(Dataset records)
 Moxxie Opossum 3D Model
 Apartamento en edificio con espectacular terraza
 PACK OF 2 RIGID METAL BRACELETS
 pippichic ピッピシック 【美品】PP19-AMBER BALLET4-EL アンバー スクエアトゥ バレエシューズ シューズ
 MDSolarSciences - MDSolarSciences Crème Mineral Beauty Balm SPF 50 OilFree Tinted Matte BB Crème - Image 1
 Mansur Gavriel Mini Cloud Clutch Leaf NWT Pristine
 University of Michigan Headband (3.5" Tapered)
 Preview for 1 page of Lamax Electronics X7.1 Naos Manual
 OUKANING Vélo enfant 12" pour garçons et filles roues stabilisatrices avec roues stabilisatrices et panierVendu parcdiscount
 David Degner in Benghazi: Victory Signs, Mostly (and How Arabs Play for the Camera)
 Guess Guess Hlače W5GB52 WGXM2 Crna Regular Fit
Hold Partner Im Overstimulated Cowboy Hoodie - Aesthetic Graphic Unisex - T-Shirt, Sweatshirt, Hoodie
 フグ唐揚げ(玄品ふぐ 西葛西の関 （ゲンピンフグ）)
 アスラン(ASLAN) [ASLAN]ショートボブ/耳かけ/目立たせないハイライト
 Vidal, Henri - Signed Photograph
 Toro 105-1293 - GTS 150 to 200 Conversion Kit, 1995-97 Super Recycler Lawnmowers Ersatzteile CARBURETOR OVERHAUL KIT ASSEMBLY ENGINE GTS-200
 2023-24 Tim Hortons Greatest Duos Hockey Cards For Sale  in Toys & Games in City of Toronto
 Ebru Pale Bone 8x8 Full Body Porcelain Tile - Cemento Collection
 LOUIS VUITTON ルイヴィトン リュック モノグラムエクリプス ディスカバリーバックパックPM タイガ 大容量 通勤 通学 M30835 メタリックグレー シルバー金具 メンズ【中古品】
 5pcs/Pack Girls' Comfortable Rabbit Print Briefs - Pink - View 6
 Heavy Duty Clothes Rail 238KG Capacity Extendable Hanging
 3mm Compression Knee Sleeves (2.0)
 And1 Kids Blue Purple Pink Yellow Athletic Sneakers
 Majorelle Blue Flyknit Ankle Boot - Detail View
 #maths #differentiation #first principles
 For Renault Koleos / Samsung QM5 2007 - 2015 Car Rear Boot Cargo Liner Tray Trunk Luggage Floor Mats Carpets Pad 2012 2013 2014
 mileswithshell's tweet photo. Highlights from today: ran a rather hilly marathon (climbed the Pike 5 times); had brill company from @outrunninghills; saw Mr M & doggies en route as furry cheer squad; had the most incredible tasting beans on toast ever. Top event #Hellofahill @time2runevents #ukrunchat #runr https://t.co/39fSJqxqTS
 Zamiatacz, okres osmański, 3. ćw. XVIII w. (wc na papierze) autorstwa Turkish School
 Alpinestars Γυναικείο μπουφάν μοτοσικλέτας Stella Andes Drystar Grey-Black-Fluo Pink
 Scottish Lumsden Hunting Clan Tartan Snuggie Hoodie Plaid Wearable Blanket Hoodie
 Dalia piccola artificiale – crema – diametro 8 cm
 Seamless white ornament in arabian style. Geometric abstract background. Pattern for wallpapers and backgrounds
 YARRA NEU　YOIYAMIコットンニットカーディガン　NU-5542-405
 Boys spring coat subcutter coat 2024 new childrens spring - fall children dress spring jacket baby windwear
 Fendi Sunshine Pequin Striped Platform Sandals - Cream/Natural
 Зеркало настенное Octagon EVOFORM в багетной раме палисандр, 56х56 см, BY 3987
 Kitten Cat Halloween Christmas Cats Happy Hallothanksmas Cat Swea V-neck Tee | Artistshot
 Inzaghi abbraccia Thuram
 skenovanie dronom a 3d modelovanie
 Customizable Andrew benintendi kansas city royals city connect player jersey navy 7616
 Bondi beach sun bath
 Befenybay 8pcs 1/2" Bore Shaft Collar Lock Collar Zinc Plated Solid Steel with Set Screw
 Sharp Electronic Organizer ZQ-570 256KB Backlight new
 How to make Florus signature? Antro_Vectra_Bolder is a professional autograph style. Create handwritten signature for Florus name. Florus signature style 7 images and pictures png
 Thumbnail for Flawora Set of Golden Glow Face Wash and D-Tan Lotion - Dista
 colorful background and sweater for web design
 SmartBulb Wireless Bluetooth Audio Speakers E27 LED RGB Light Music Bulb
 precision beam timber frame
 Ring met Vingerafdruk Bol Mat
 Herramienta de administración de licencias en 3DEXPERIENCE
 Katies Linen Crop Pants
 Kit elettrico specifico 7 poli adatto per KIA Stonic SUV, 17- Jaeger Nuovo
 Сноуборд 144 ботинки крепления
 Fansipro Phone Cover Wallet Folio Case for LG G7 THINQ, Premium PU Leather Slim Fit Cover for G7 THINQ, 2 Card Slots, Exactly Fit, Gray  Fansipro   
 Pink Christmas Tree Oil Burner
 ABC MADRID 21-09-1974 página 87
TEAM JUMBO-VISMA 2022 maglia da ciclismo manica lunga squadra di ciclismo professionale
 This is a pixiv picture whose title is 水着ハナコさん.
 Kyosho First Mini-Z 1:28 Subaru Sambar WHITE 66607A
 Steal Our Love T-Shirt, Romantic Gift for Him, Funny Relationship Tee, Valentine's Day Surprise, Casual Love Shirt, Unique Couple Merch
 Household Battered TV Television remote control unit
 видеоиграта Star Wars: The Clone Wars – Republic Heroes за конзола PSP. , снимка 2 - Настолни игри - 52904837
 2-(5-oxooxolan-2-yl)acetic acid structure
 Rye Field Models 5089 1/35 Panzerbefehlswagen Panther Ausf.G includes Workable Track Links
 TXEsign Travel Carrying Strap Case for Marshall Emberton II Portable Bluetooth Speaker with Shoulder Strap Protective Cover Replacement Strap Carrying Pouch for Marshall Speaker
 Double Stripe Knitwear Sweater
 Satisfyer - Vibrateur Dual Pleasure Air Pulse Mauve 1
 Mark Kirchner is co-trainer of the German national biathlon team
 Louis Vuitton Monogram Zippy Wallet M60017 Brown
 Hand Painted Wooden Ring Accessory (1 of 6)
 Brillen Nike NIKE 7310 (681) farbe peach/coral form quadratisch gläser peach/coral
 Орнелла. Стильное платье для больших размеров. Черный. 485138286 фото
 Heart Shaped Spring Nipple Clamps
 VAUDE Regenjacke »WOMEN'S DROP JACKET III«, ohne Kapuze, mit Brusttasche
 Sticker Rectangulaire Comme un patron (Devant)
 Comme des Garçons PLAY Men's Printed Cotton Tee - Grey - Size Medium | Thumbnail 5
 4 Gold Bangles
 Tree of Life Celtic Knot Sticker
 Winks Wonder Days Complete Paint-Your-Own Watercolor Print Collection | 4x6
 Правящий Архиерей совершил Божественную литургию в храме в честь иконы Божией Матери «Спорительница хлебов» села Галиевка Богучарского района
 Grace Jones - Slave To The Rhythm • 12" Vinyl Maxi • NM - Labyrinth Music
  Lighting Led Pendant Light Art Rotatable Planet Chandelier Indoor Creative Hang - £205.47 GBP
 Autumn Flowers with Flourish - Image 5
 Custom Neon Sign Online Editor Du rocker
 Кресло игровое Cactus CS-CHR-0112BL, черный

* [Task statement]
Every line of the data must be reproduced exactly.

* [Exercise result]
 Moxxie Opossum 3D Model
 Apartamento en edificio con espectacular terraza
 PACK OF 2 RIGID METAL BRACELETS
 pippichic ピッピシック 【美品】PP19-AMBER BALLET4-EL アンバー スクエアトゥ バレエシューズ シューズ
 MDSolarSciences - MDSolarSciences Crème Mineral Beauty Balm SPF 50 OilFree Tinted Matte BB Crème - Image 1
 Mansur Gavriel Mini Cloud Clutch Leaf NWT Pristine
 University of Michigan Headband (3.5" Tapered)
 Preview for 1 page of Lamax Electronics X7.1 Naos Manual
 OUKANING Vélo enfant 12" pour garçons et filles roues stabilisatrices avec roues stabilisatrices et panierVendu parcdiscount
 David Degner in Benghazi: Victory Signs, Mostly (and How Arabs Play for the Camera)
 Guess Guess Hlače W5GB52 WGXM2 Crna Regular Fit
Hold Partner Im Overstimulated Cowboy Hoodie - Aesthetic Graphic Unisex - T-Shirt, Sweatshirt, Hoodie
 フグ唐揚げ(玄品ふぐ 西葛西の関 （ゲンピンフグ）)
 アスラン(ASLAN) [ASLAN]ショートボブ/耳かけ/目立たせないハイライト
 Vidal, Henri - Signed Photograph
 Toro 105-1293 - GTS 150 to 200 Conversion Kit, 1995-97 Super Recycler Lawnmowers Ersatzteile CARBURETOR OVERHAUL KIT ASSEMBLY ENGINE GTS-200
 2023-24 Tim Hortons Greatest Duos Hockey Cards For Sale  in Toys & Games in City of Toronto
 Ebru Pale Bone 8x8 Full Body Porcelain Tile - Cemento Collection
 LOUIS VUITTON ルイヴィトン リュック モノグラムエクリプス ディスカバリーバックパックPM タイガ 大容量 通勤 通学 M30835 メタリックグレー シルバー金具 メンズ【中古品】
 5pcs/Pack Girls' Comfortable Rabbit Print Briefs - Pink - View 6
 Heavy Duty Clothes Rail 238KG Capacity Extendable Hanging
 3mm Compression Knee Sleeves (2.0)
 And1 Kids Blue Purple Pink Yellow Athletic Sneakers
 Majorelle Blue Flyknit Ankle Boot - Detail View
 #maths #differentiation #first principles
 For Renault Koleos / Samsung QM5 2007 - 2015 Car Rear Boot Cargo Liner Tray Trunk Luggage Floor Mats Carpets Pad 2012 2013 2014
 mileswithshell's tweet photo. Highlights from today: ran a rather hilly marathon (climbed the Pike 5 times); had brill company from @outrunninghills; saw Mr M & doggies en route as furry cheer squad; had the most incredible tasting beans on toast ever. Top event #Hellofahill @time2runevents #ukrunchat #runr https://t.co/39fSJqxqTS
 Zamiatacz, okres osmański, 3. ćw. XVIII w. (wc na papierze) autorstwa Turkish School
 Alpinestars Γυναικείο μπουφάν μοτοσικλέτας Stella Andes Drystar Grey-Black-Fluo Pink
 Scottish Lumsden Hunting Clan Tartan Snuggie Hoodie Plaid Wearable Blanket Hoodie
 Dalia piccola artificiale – crema – diametro 8 cm
 Seamless white ornament in arabian style. Geometric abstract background. Pattern for wallpapers and backgrounds
 YARRA NEU　YOIYAMIコットンニットカーディガン　NU-5542-405
 Boys spring coat subcutter coat 2024 new childrens spring - fall children dress spring jacket baby windwear
 Fendi Sunshine Pequin Striped Platform Sandals - Cream/Natural
 Зеркало настенное Octagon EVOFORM в багетной раме палисандр, 56х56 см, BY 3987
 Kitten Cat Halloween Christmas Cats Happy Hallothanksmas Cat Swea V-neck Tee | Artistshot
 Inzaghi abbraccia Thuram
 skenovanie dronom a 3d modelovanie
 Customizable Andrew benintendi kansas city royals city connect player jersey navy 7616
 Bondi beach sun bath
 Befenybay 8pcs 1/2" Bore Shaft Collar Lock Collar Zinc Plated Solid Steel with Set Screw
 Sharp Electronic Organizer ZQ-570 256KB Backlight new
 How to make Florus signature? Antro_Vectra_Bolder is a professional autograph style. Create handwritten signature for Florus name. Florus signature style 7 images and pictures png
 Thumbnail for Flawora Set of Golden Glow Face Wash and D-Tan Lotion - Dista
 colorful background and sweater for web design
 SmartBulb Wireless Bluetooth Audio Speakers E27 LED RGB Light Music Bulb
 precision beam timber frame
 Ring met Vingerafdruk Bol Mat
 Herramienta de administración de licencias en 3DEXPERIENCE
 Katies Linen Crop Pants
 Kit elettrico specifico 7 poli adatto per KIA Stonic SUV, 17- Jaeger Nuovo
 Сноуборд 144 ботинки крепления
 Fansipro Phone Cover Wallet Folio Case for LG G7 THINQ, Premium PU Leather Slim Fit Cover for G7 THINQ, 2 Card Slots, Exactly Fit, Gray  Fansipro   
 Pink Christmas Tree Oil Burner
 ABC MADRID 21-09-1974 página 87
TEAM JUMBO-VISMA 2022 maglia da ciclismo manica lunga squadra di ciclismo professionale
 This is a pixiv picture whose title is 水着ハナコさん.
 Kyosho First Mini-Z 1:28 Subaru Sambar WHITE 66607A
 Steal Our Love T-Shirt, Romantic Gift for Him, Funny Relationship Tee, Valentine's Day Surprise, Casual Love Shirt, Unique Couple Merch
 Household Battered TV Television remote control unit
 видеоиграта Star Wars: The Clone Wars – Republic Heroes за конзола PSP. , снимка 2 - Настолни игри - 52904837
 2-(5-oxooxolan-2-yl)acetic acid structure
 Rye Field Models 5089 1/35 Panzerbefehlswagen Panther Ausf.G includes Workable Track Links
 TXEsign Travel Carrying Strap Case for Marshall Emberton II Portable Bluetooth Speaker with Shoulder Strap Protective Cover Replacement Strap Carrying Pouch for Marshall Speaker
 Double Stripe Knitwear Sweater
 Satisfyer - Vibrateur Dual Pleasure Air Pulse Mauve 1
 Mark Kirchner is co-trainer of the German national biathlon team
 Louis Vuitton Monogram Zippy Wallet M60017 Brown
 Hand Painted Wooden Ring Accessory (1 of 6)
 Brillen Nike NIKE 7310 (681) farbe peach/coral form quadratisch gläser peach/coral
 Орнелла. Стильное платье для больших размеров. Черный. 485138286 фото
 Heart Shaped Spring Nipple Clamps
 VAUDE Regenjacke »WOMEN'S DROP JACKET III«, ohne Kapuze, mit Brusttasche
 Sticker Rectangulaire Comme un patron (Devant)
 Comme des Garçons PLAY Men's Printed Cotton Tee - Grey - Size Medium | Thumbnail 5
 4 Gold Bangles
 Tree of Life Celtic Knot Sticker
 Winks Wonder Days Complete Paint-Your-Own Watercolor Print Collection | 4x6
 Правящий Архиерей совершил Божественную литургию в храме в честь иконы Божией Матери «Спорительница хлебов» села Галиевка Богучарского района
 Grace Jones - Slave To The Rhythm • 12" Vinyl Maxi • NM - Labyrinth Music
  Lighting Led Pendant Light Art Rotatable Planet Chandelier Indoor Creative Hang - £205.47 GBP
 Autumn Flowers with Flourish - Image 5
 Custom Neon Sign Online Editor Du rocker
 Кресло игровое Cactus CS-CHR-0112BL, черный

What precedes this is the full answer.